Sarhoş şahsın içtiği içki miktarı arttıkça, kandaki alkol miktarının artacağı şüphesizdir. Bilineceği gibi, vücudun alkolü yakma sürati bir saatte ancak 5-10 santimetreküptür. Bu miktardan fazla alkol vücuda girerse kandaki alkol nisbetide artacaktır. İşte şahısta görülen sarhoşluk belirtileri kandaki alkolün beyine olan tesirlerinden ileri gelmektedir. Kana karışan alkol miktarı ile, beyinde tesir altında kalan saha arasında bir alâka mevcuttur. Meselâ 70 kiloluk bir adam, şayet aç karnına iki şişe bira içecek olursa, kanında mevcut olan alkolün miktarı %0,05 (on binde beş) olur. Kandaki bu miktar alkol ile beynin dış cidarlarının, bilhassa endişe ve merakla alâkalı merkezlerin normal faaliyeti zarar görür. İçki içen kimseye yalancı bir iyilik hali verir. Her şeyi sanki toz pembe görmeye başlar. Utanma hissi kaybolur. Tıpta buna öfori denir. Bu durumda şahsın kendi kendisini kontrol mekanizması kaybolmuştur. Sarhoş gelişigüzel ve abuk sabuk sözler söylemeye başlar. Yaptığı her işin en iyisini yaptığına emindir. Meselâ bir sarhoşa daktiloda yazı yazdırsanız, sarhoş olmadan önce iyi yazı yazsa da, hatalarla dolu bir yazıyı önünüze getirecektir. Buna rağmen kendisi en hatasız bir yazı yazdığını ileri sürer. Sarhoşu bir atış taliminde atış yaptırsanız, hep karavana atış yapan sarhoş, hep on ikiden vurduğunu zanneder. Ayrıca böyle bir halde vasıta kullanan veya bir işte çalışan kimsenin araba kazası veya iş kazası yapma ihtimâlide artmıştır. Bu ihtimâl sarhoşluk arttıkça daha da artacaktır.

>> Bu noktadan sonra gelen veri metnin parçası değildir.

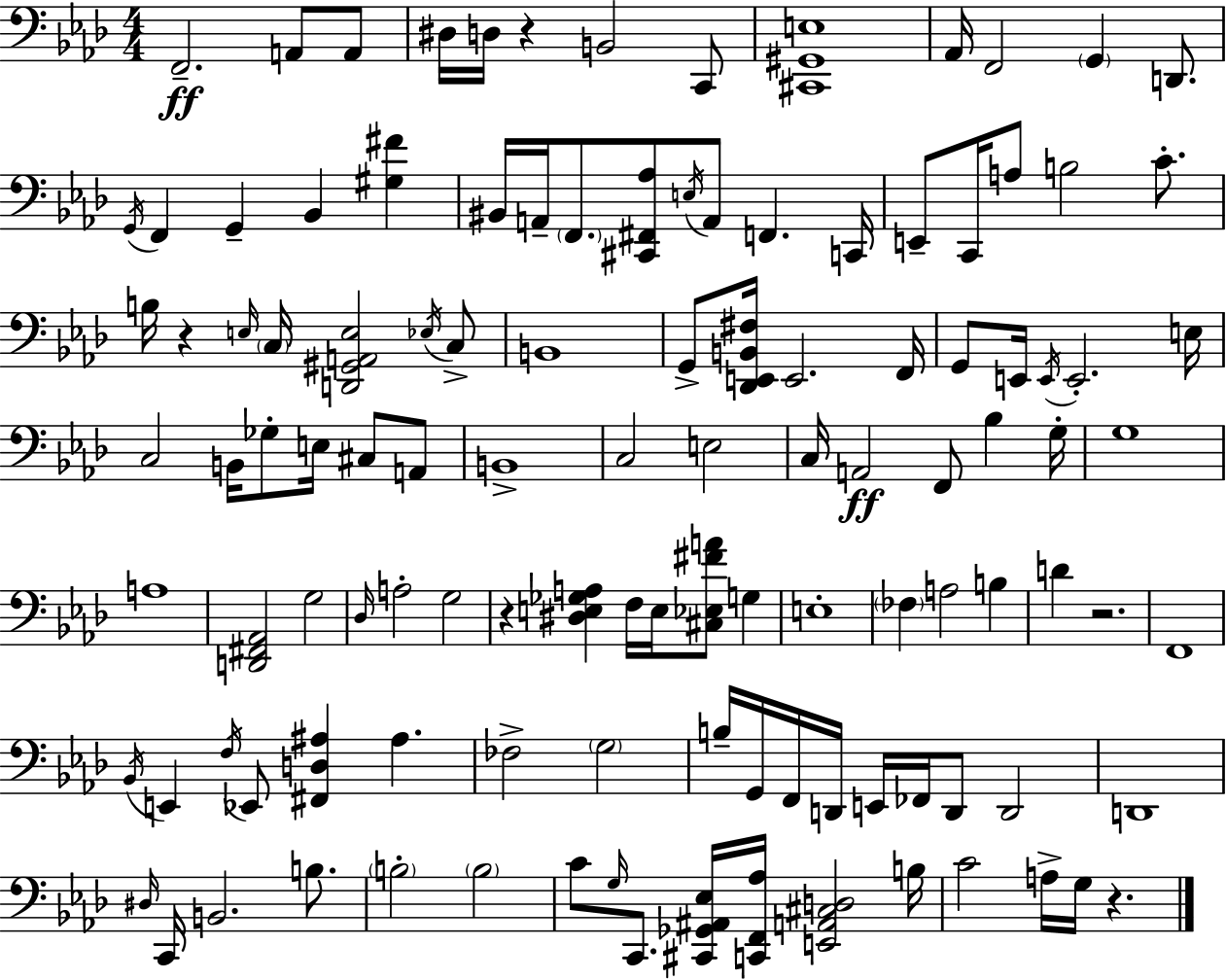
{
  \clef bass
  \numericTimeSignature
  \time 4/4
  \key aes \major
  f,2.--\ff a,8 a,8 | dis16 d16 r4 b,2 c,8 | <cis, gis, e>1 | aes,16 f,2 \parenthesize g,4 d,8. | \break \acciaccatura { g,16 } f,4 g,4-- bes,4 <gis fis'>4 | bis,16 a,16-- \parenthesize f,8. <cis, fis, aes>8 \acciaccatura { e16 } a,8 f,4. | c,16 e,8-- c,16 a8 b2 c'8.-. | b16 r4 \grace { e16 } \parenthesize c16 <d, gis, a, e>2 | \break \acciaccatura { ees16 } c8-> b,1 | g,8-> <des, e, b, fis>16 e,2. | f,16 g,8 e,16 \acciaccatura { e,16 } e,2.-. | e16 c2 b,16 ges8-. | \break e16 cis8 a,8 b,1-> | c2 e2 | c16 a,2\ff f,8 | bes4 g16-. g1 | \break a1 | <d, fis, aes,>2 g2 | \grace { des16 } a2-. g2 | r4 <dis e ges a>4 f16 e16 | \break <cis ees fis' a'>8 g4 e1-. | \parenthesize fes4 a2 | b4 d'4 r2. | f,1 | \break \acciaccatura { bes,16 } e,4 \acciaccatura { f16 } ees,8 <fis, d ais>4 | ais4. fes2-> | \parenthesize g2 b16-- g,16 f,16 d,16 e,16 fes,16 d,8 | d,2 d,1 | \break \grace { dis16 } c,16 b,2. | b8. \parenthesize b2-. | \parenthesize b2 c'8 \grace { g16 } c,8. <cis, ges, ais, ees>16 | <c, f, aes>16 <e, a, cis d>2 b16 c'2 | \break a16-> g16 r4. \bar "|."
}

Şayet bir sarhoş, kanındaki alkol nisbeti %0,1’e (binde bir) yükselecek kadar içki kullanmışsa, beynin arkasında bulunan motor merkezlerdeki faaliyetler bastırılacaktır. Bu ise şahsın adalelerine hâkim olabilme kabiliyetinin yavaş yavaş kaybolmasına yol açacaktır. Şayet kanındaki alkol nisbeti %0,2(binde iki) ye yükselirse, orta beynin daha derin kısımları tesir altında kalacak ve sarhoşu bir rehâvet basacaktır. Alkol nisbeti %0,5 (binde beş)’i geçerse, beyin sapı diye adlandırılan kısımdaki solunum merkezi felce uğrayacak ve sarhoş baygınlığı müteâkip sessizce hayatını kaybedecektir. Bu şekilde çok sarhoşlar içki masasında hayatlarını kaybetmişlerdir.
Alkolün %97’si karaciğerde okside olur, yani yanar. Burada su ve karbon diokside kadar parçalanır. Geri kalan %3’ü böbreklerden idrarla, deriden ter vasıtasıyla ve akciğerlerden solunum vasıtası ile atılır. Onun için içki içen şahsın ağzı alkol kokar. Ayrıca çok sık idrara çıkmak ihtiyacını hisseder.
Karaciğerde saatte ancak 10 cm3 kadar alkol yanabilir. Bunun haricinde hiçbir şey, yani ne açık hava ve egzersiz, ne sıcak kahve, ne de soğuk banyo, vücuttan alkolün atılmasına faydası yoktur. Sadece zamanın geçmesi ile alkolün vücuttan tasfiyesi mümkün olur. Şahsın içtiği içki artsa da alkolün vücuttaki yanma sürati artmaz. Bu neticeye göre bir şişe biranın tesirinin geçmesi ortalama 2,5-3 saatte mümkün olabilir.
İçkiden dolayı kanındaki alkol yüzdesi %0,50 (binde beşe) çıkan şahıslar etil alkolün zehirleyici tesiri ile ölürler. Böyle çok insanlar, bir seferde fazla miktarda alkollü içki aldıklarından dolayı zehirlenip ölmüşlerdir.